General (C) Corporations
A general business corporation is the most formalized and most common type of corporation. In a c-corp, its owners are stockholders, and ownership is based on shares of stock. There is no limit to the number of stock holders. SInce the corporation operates as a seperate entity, each stockholder's personal assets are protected from attachment by creditors of the corporation. Thus, as a stockholder, your liability is limited to the capital that you have invested in the purchase of stock.
Advantages:
1. a corporation has a lifespan independent from its owners (stockholders)
2. fringe benefit costs are tax-deductible
3. personal assets are protected from business liability
4. ownership can be transfered through the sale of stock
5. It may be easy to raise operating capital through the sale of stock
Disadvantages:
1. Incorporating involves considerable start-up expenses
2. profits are subject to dual taxation - as profits and again as dividends
3. many legal formalities exist when filing and trying to maintain corporate status
4. activities are limited to those defined in the corporate charter
S Corporations
The S Corporation is a form of the general corporation that has a special tax status with the IRS and many states.
-The most attractive benefit of an S corporation is the avoidance of double taxation. S corporations avoid this dual taxation because all losses and profits are "passed through" the corporation to the shareholders and are declared only once to the IRS, as part of each shareholder's income.
-There is a downside however, all profits must be taxed. If the corporation makes a profit, each share holder is required to pay taxes on their proportionate share of that profit regardless if that profit is distributed or not. If there is a disagreement with the IRS, the IRS can obtain payment from the assets of individual shareholders.
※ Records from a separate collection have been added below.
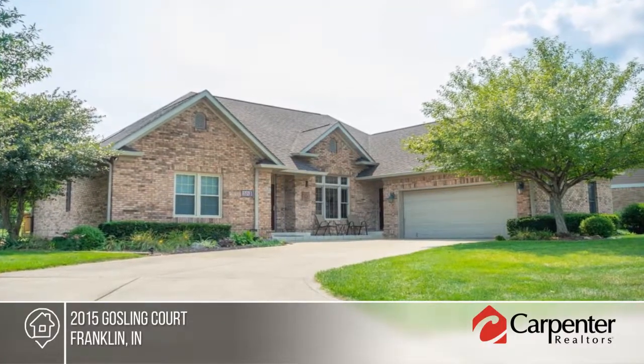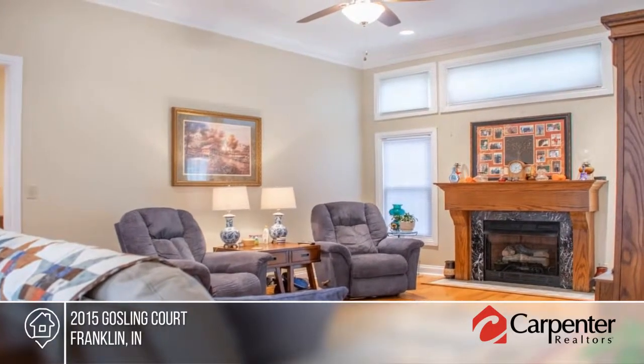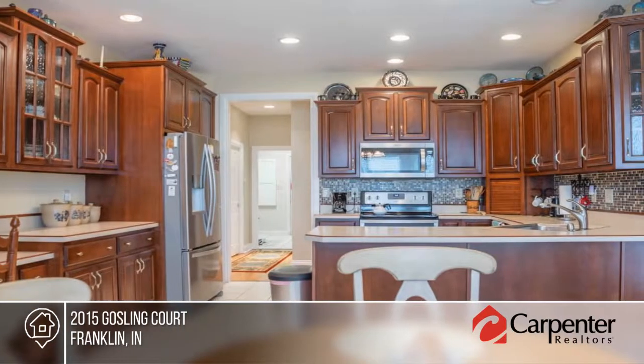Welcome to Pheasant Point. This beautiful home was the original model and has been well loved and cared for. Enter to the great room to gleaming hardwood floors, raised ceilings, and a wall of windows surrounding the fireplace.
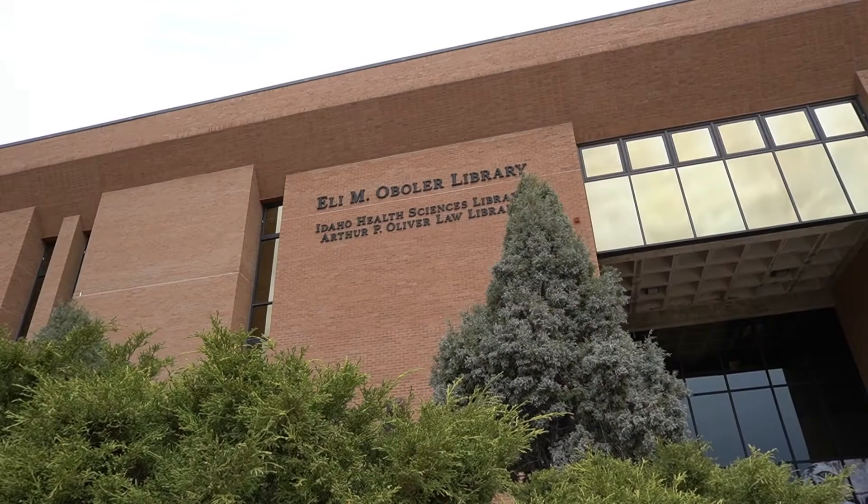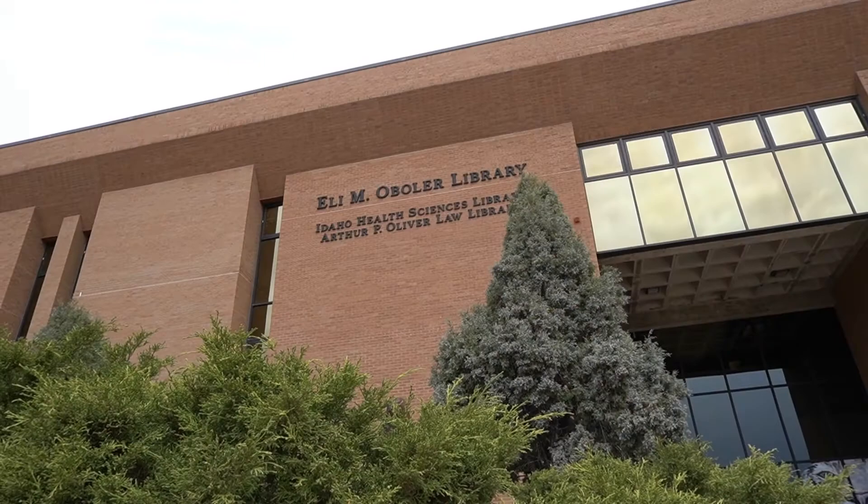The library is here to assist students like you and enhance your learning opportunities. Visit the Eli M. Opler Library today!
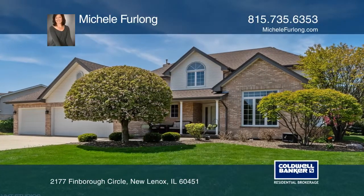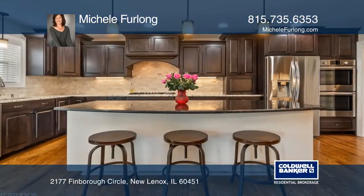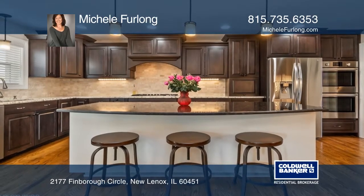This updated New Lenox home offers a custom kitchen with granite, high-end appliances and an oversized island.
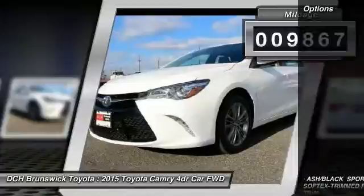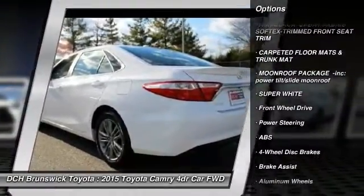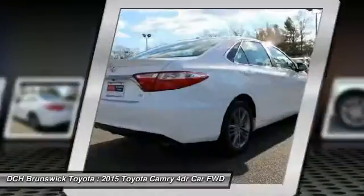Here are some of this vehicle's great options: keyless entry, anti-lock braking system, steering wheel audio controls, traction control, stability control.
-On the other hand, if the s corp loses money, there may be a significant tax benefit to it shareholders. THe loss is passed on to the each shareholder proportionate to their stock ownership.
-As in other forms of corporations, each shareholder's personal assets are protected from the business's debts.
-In order to form an S Corporation, you must meet specific requirements set by the IRS (I only listed some of the larger items of interest below). Your business must:
1. already exist as a corporation (c-corp most likely)
2. have no more than 75 shareholders
3. Be headquartered in the US
4. Not have shareholders who are nonresident aliens
5. not be a financial institution that takes deposits or makes loans
6. not have more than 25% of the corporation's gross receipts from passive sources, such as interest, dividends, RENT, royalties, or proceeds from the sale of securities. This provision has several conditoins, so be sure to clearly understand how it may affect you if you company expects income from these sources.
Limited Liability Company
LLC's are still a relatively new and highly touted business entity. It is similiar to an S-Corp without its restrictions. In an LLC, owners are referred to as members. The loss of a member through death, retirement, or resignation can result in the dissolution of the business. However, like a corporation, an LLC offers some protection for personal assets from business creditors. An interesting characteristic is the lack of limitation on the number and nature of its members. However, most states will require at least two members to form an LLC.
Advantages:
1. profits and losses pass through the company to its owners for tax purposes
2. personal assets are protected from business liability
3. there is no limitation on the number or nature of owners
4. an LLC is simpler to operate than a corporation
5. LLCs are not subject to corporate formalities
6. Owners may participate in the management of the business
7. Some tax advantages result from business losses or high profits
Disadvantages
1. an LLC may be recognized differently in different states
2. limits of liability have not been extensively tested in litigation
3. legal assistance is needed to properly set up and structure an LLC
ENJOY!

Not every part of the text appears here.